Apprendi requires that any fact increasing a sentence beyond the statutory maximum must be submitted to a jury. Id. at 490. Prior to Apprendi, the Supreme Court held that because recidivism "is a traditional, if not the most traditional, basis for a sentencing court's increasing an offender's sentence," Almendarez-Torres, 523 U.S. at 243, the fact of a prior conviction was not required to be charged in an indictment against a defendant. Apprendi incorporated the Almendarez-Torres exception into its holding, stating that "[o]ther than the fact of a prior conviction, any fact that increases the penalty for a crime beyond the prescribed statutory maximum must be submitted to a jury, and proved beyond a reasonable doubt." Apprendi, 530 U.S. at 490 (emphasis added).

Almendarez-Torres has recently come under some fire, see Shepard, 544 U.S. at 27-28 (Thomas, J., concurring), but has not been overruled. "[W]e will not presume to do so for the Court, and we are bound by existing precedent to hold that the Almendarez-Torres exception to the rule announced in Apprendi and extended to the Guidelines in Booker remains good law." United States v.

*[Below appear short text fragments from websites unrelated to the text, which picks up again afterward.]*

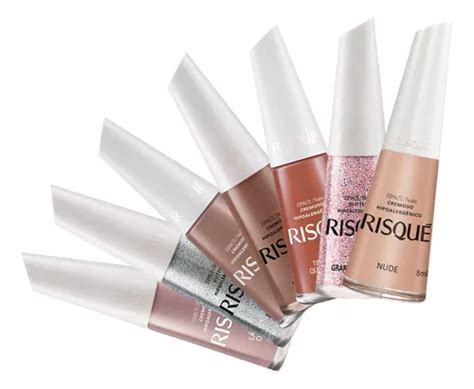 Risqué Nude lagrima de venus Mil purpurinas Nova Coleçao Esmalte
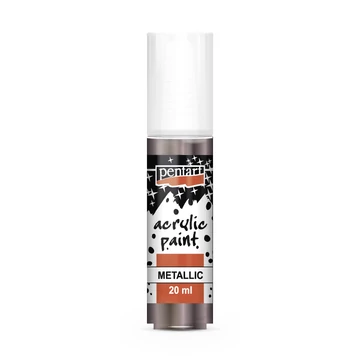 Pentart metál akrilfesték 20 ml - csillogó lila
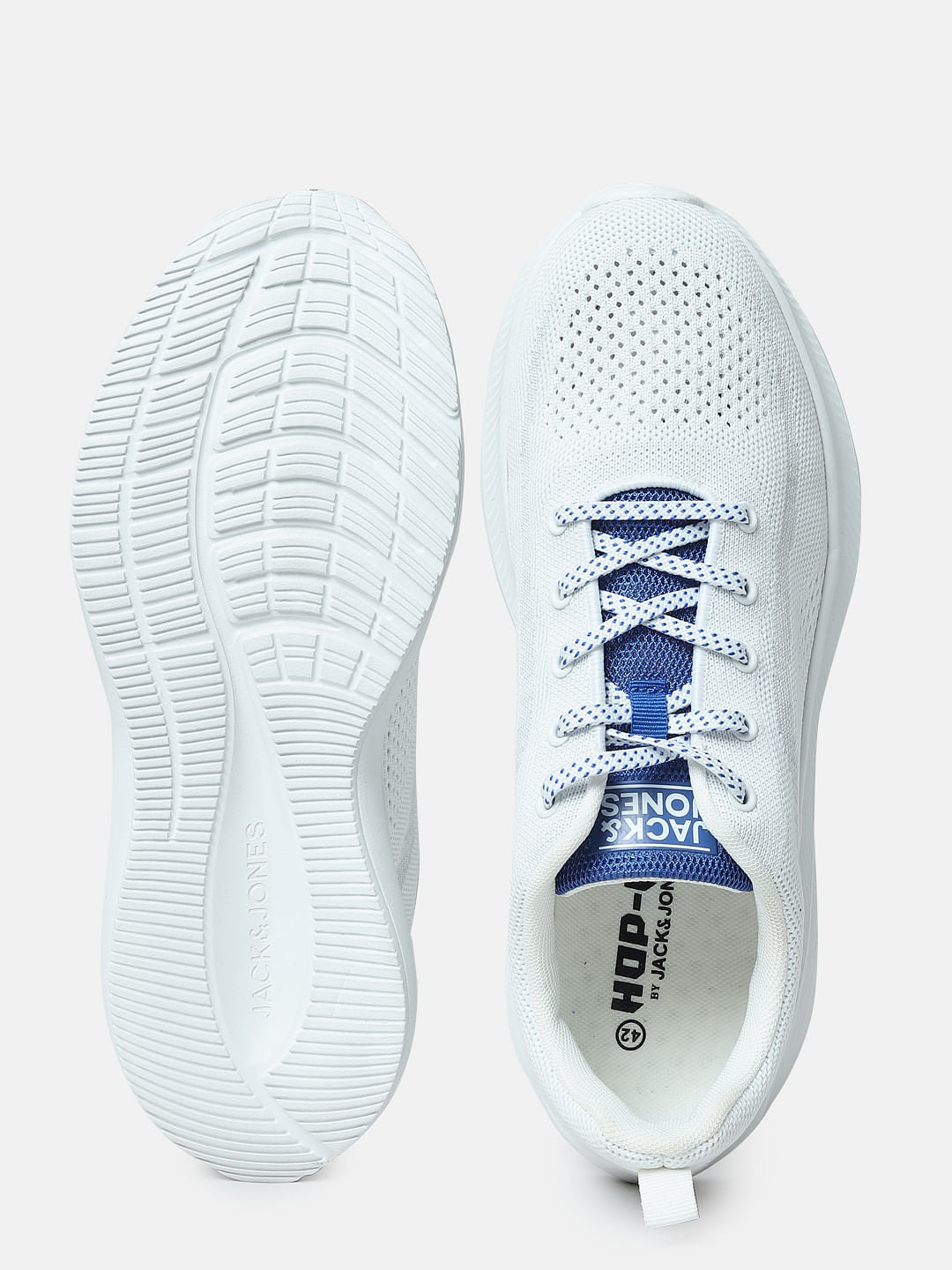 White Lace-Up Sneakers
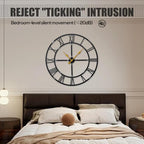 32 Inch Large Wall Clock for Living Room Decor – Easy-Assembly Silent - Image 6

Moore, 401 F.3d 1220, 1224 (10th Cir. 2005). Mr. Chamorro-Resendez's Sixth Amendment challenge to his sentence is unavailing.



Stephanie K. Seymour

Circuit Judge

Click footnote number to return to corresponding location in the text.

*.After examining appellant's brief and the appellate record, this panel has determined unanimously that oral argument would not materially assist the determination of this appeal. See Fed. R. App. P. 34(a)(2) and 10th Cir. R. 34.1(G). The case is therefore submitted without oral argument. This order and judgment is not binding precedent, except under the doctrines of law of the case, res judicata, or collateral estoppel. The court generally disfavors the citation of orders and judgments; nevertheless, an order and judgment may be cited under the terms and conditions of 10th Cir. R. 36.3.

1.Commentary to guideline section 2L1.2 indicates that a "crime of violence" can be an "aggravated assault . . . or any offense under federal, state, or local law that has as an element the use, attempted use, or threatened use of physical force against the person of another." U.S.S.G. § 2L1.2, cmt. n.1(B)(iii).